Give back all of the data, word for word.

Short text fragments from websites:
Start of Block
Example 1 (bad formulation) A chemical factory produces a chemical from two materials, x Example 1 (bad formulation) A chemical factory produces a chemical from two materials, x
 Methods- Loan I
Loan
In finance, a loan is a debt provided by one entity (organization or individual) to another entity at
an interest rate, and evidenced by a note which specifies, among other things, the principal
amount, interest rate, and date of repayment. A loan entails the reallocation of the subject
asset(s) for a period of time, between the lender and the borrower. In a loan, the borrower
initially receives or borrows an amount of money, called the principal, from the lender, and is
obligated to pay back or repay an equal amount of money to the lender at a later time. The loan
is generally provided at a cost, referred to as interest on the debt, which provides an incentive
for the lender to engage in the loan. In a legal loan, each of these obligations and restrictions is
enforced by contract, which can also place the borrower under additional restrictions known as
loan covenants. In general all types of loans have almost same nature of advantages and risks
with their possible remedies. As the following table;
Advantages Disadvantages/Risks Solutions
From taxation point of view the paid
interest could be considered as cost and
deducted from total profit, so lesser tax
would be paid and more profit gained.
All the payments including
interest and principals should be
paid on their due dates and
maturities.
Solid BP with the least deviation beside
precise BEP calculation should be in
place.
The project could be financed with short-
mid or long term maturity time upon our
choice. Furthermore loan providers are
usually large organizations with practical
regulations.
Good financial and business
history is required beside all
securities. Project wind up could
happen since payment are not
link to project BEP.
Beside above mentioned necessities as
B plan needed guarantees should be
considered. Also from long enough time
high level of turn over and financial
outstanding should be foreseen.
End of Block
Exercise answer:
Example 1 (bad formulation) A chemical factory produces a chemical from two materials, x Example 1 (bad formulation) A chemical factory produces a chemical from two materials, x
 Methods- Loan I
Loan
In finance, a loan is a debt provided by one entity (organization or individual) to another entity at
an interest rate, and evidenced by a note which specifies, among other things, the principal
amount, interest rate, and date of repayment. A loan entails the reallocation of the subject
asset(s) for a period of time, between the lender and the borrower. In a loan, the borrower
initially receives or borrows an amount of money, called the principal, from the lender, and is
obligated to pay back or repay an equal amount of money to the lender at a later time. The loan
is generally provided at a cost, referred to as interest on the debt, which provides an incentive
for the lender to engage in the loan. In a legal loan, each of these obligations and restrictions is
enforced by contract, which can also place the borrower under additional restrictions known as
loan covenants. In general all types of loans have almost same nature of advantages and risks
with their possible remedies. As the following table;
Advantages Disadvantages/Risks Solutions
From taxation point of view the paid
interest could be considered as cost and
deducted from total profit, so lesser tax
would be paid and more profit gained.
All the payments including
interest and principals should be
paid on their due dates and
maturities.
Solid BP with the least deviation beside
precise BEP calculation should be in
place.
The project could be financed with short-
mid or long term maturity time upon our
choice. Furthermore loan providers are
usually large organizations with practical
regulations.
Good financial and business
history is required beside all
securities. Project wind up could
happen since payment are not
link to project BEP.
Beside above mentioned necessities as
B plan needed guarantees should be
considered. Also from long enough time
high level of turn over and financial
outstanding should be foreseen.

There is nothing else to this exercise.